Implementation:Ggml org Llama cpp Embedding Input Splitting

Field	Value
Implementation Name	Embedding Input Splitting
Doc Type	Pattern Doc
Domain	Text Preprocessing, Input Parsing
Description	Input splitting and preprocessing pattern for embedding extraction: multi-line splitting, tokenization, and reranking pair formatting
Related Workflow	Embedding_Extraction

Overview

Description

The Embedding Input Splitting implementation documents the pattern for preparing input text for batch embedding extraction as implemented in examples/embedding/embedding.cpp.

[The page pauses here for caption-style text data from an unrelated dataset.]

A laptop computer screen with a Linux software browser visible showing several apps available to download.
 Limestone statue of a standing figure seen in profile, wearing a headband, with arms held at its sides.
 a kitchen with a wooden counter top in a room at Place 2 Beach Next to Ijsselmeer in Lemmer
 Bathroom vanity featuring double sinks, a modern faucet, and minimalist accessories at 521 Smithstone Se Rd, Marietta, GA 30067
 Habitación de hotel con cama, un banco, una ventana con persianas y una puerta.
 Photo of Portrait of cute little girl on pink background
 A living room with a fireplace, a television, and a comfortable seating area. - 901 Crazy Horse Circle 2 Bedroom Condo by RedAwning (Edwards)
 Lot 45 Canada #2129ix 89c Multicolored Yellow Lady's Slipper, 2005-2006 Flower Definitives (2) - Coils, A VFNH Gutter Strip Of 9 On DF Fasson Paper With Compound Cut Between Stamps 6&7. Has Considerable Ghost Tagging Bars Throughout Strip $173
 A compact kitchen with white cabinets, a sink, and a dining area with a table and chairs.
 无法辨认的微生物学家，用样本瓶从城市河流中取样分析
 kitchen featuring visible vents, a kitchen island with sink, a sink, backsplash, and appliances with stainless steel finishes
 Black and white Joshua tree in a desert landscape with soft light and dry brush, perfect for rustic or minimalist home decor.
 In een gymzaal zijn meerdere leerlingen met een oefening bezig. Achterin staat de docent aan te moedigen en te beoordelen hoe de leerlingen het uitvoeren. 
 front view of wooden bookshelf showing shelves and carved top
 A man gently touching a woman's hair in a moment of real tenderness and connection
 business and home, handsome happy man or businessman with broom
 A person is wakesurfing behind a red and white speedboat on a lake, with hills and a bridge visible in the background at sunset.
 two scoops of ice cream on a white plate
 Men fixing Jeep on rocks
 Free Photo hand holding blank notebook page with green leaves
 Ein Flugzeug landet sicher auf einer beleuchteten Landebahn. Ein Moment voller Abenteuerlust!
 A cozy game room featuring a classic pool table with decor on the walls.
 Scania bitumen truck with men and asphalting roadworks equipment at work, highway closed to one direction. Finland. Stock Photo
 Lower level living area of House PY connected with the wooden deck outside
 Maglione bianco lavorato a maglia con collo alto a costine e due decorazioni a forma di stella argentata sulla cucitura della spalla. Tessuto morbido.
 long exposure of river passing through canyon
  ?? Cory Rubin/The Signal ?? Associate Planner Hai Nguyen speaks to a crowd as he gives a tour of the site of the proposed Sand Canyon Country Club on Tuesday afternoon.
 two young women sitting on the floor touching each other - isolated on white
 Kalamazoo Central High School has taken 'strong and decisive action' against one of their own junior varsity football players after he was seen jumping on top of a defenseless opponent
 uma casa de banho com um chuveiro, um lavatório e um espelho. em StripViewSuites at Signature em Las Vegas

The pattern involves splitting a single input string into multiple prompts using a configurable separator, tokenizing each prompt, validating token counts against batch limits, verifying EOS/SEP token presence, and handling the special case of reranking pair construction.

Usage

# Multiple prompts separated by newlines (default separator)
./llama-embedding -m model.gguf -p "First sentence
Second sentence
Third sentence"

# Custom separator
./llama-embedding -m model.gguf --embd-sep "|||" -p "First sentence|||Second sentence"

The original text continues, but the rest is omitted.